Harriet arrives and, to Emma's surprise, has learned the news from Mr. Weston and is quite calm about it. Nonetheless, trying to cushion what she thinks is a blow, Emma consoles her only to learn that Harriet's attachment has been, not for Frank, but for George Knightley. Emma is utterly astounded — so much so that she finally realizes that "Mr. Knightley must marry no one but herself!" Harriet recounts her reasons for thinking that her feelings are reciprocated, and Emma, though she agrees that there may be truth in this, feels bitter, especially after Harriet says, "But now I seem to feel that I may deserve him . . ." Mr. Woodhouse enters and thus stops the discussion.

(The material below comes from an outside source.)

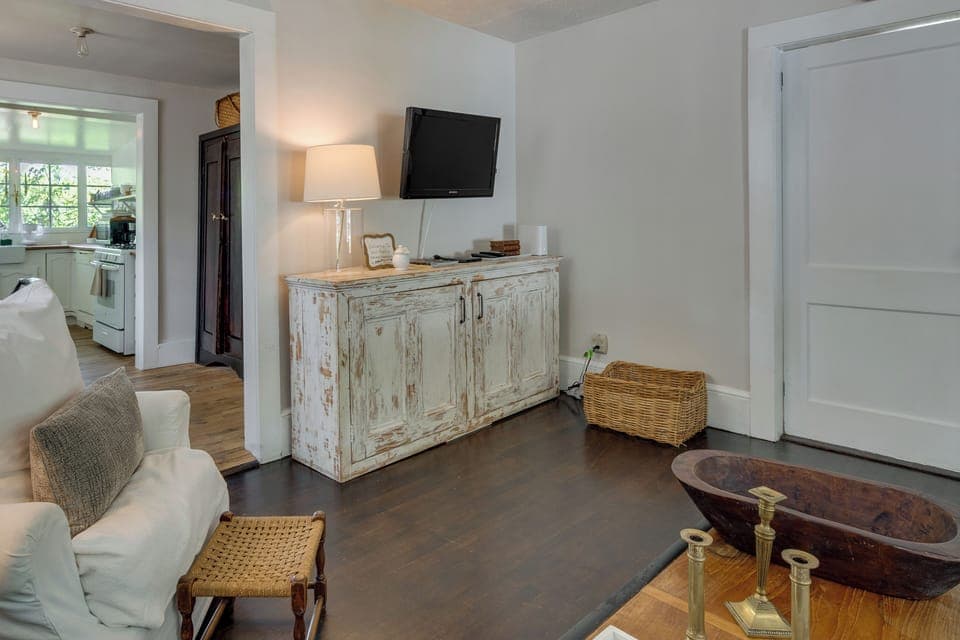 Cottage (2 Bedrooms) | Interior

After Harriet is gone, Emma is beside herself: "Oh God! that I had never seen her!" She tries to comprehend the situation by first examining her heart, wondering how long George has been so dear to her. She faces up to her own delusions and to ignorance of her own heart. This knowledge of herself reveals her vanity and how "with unpardonable arrogance [she has] proposed to arrange everybody's destiny." Why had she not let Harriet marry Robert Martin? But her pretty friend's "presumption to raise her thoughts to Mr. Knightley" lies at Emma's own door: "Who had been at pains to give Harriet notions of self-consequence but herself?"
Analysis
This is the crucial turning point for Emma. She has to acknowledge and try to come to terms with what she has done to Harriet and with the fact that she herself loves George. The situational irony is very strong indeed: Harriet, taught by Emma to look above herself, has looked to the very man who is exactly right for Emma. One could hardly be more fully caught in her own web of scheming. It is never easy to admit that one is wrong, but Emma does it admirably under the circumstances, for her emotions are very strong and are pulled in different directions.

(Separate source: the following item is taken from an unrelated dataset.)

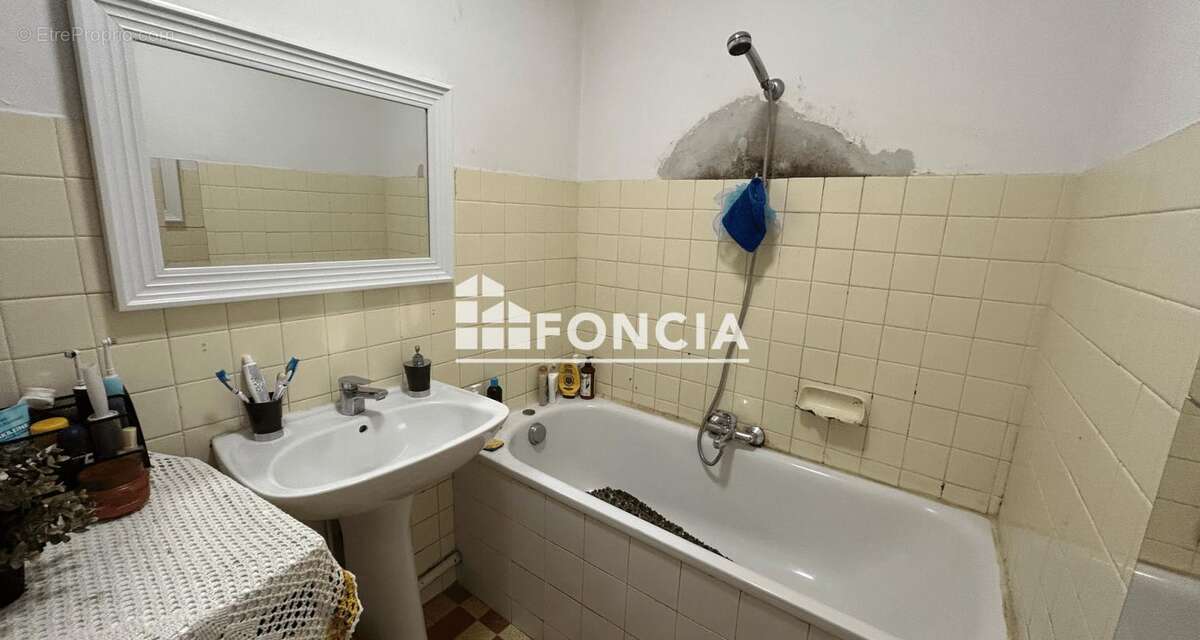 Appartement à MARSEILLE-3E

The situation forces Emma to admit that her own imagination was wrong to go against the order of social stratification. Like the other characters, she has believed in it in general; but now the inequality of just one aberration from that order is forcefully impressed upon her. She sees that aberration — her own doing — as wrong and disruptive. She must deal with two misplaced prides — her own and Harriet's newly developed one. Basically what faces her is the necessity of helping or letting the social order reassert itself — if that can be.